* _REQUIREMENT_
Without the pictures, write the listing out again exactly as it appears.

* _DATA SEGMENT_
—————
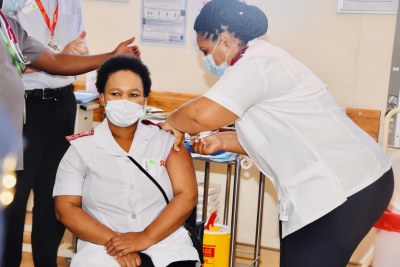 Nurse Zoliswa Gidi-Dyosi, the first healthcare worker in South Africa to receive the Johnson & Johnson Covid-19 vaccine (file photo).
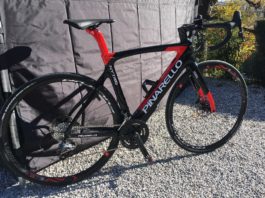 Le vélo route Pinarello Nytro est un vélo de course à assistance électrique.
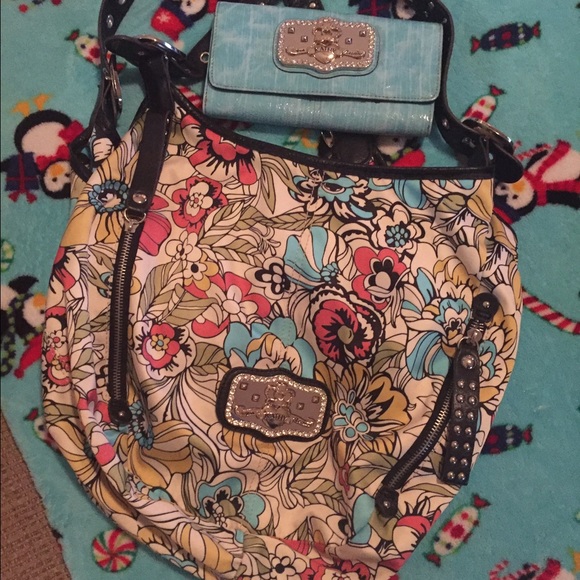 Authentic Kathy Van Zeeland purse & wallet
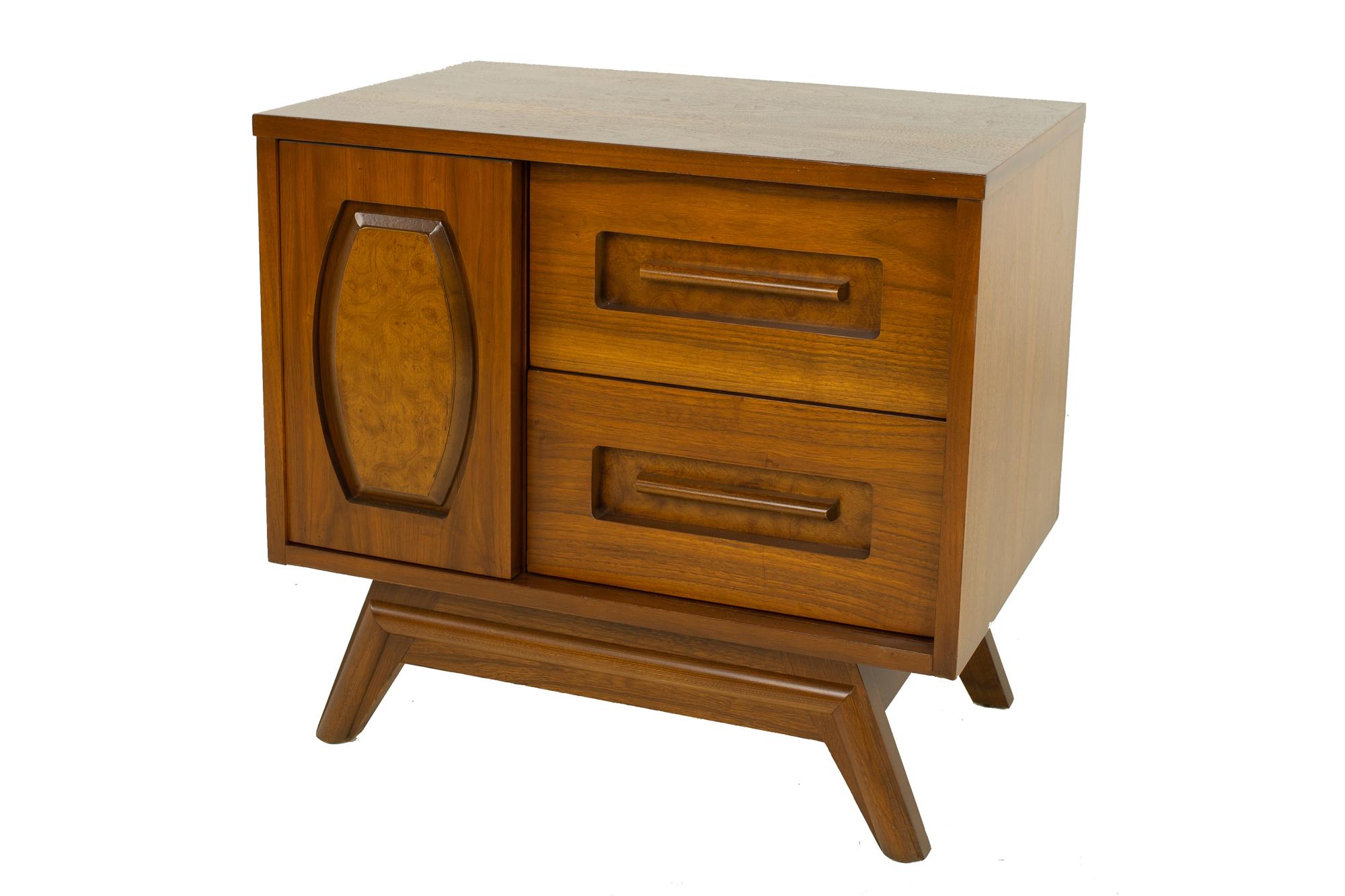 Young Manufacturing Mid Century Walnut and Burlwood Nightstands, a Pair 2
—————
* _REPLY TO THE TASK_
 Nurse Zoliswa Gidi-Dyosi, the first healthcare worker in South Africa to receive the Johnson & Johnson Covid-19 vaccine (file photo).
 Le vélo route Pinarello Nytro est un vélo de course à assistance électrique.
 Authentic Kathy Van Zeeland purse & wallet
 Young Manufacturing Mid Century Walnut and Burlwood Nightstands, a Pair 2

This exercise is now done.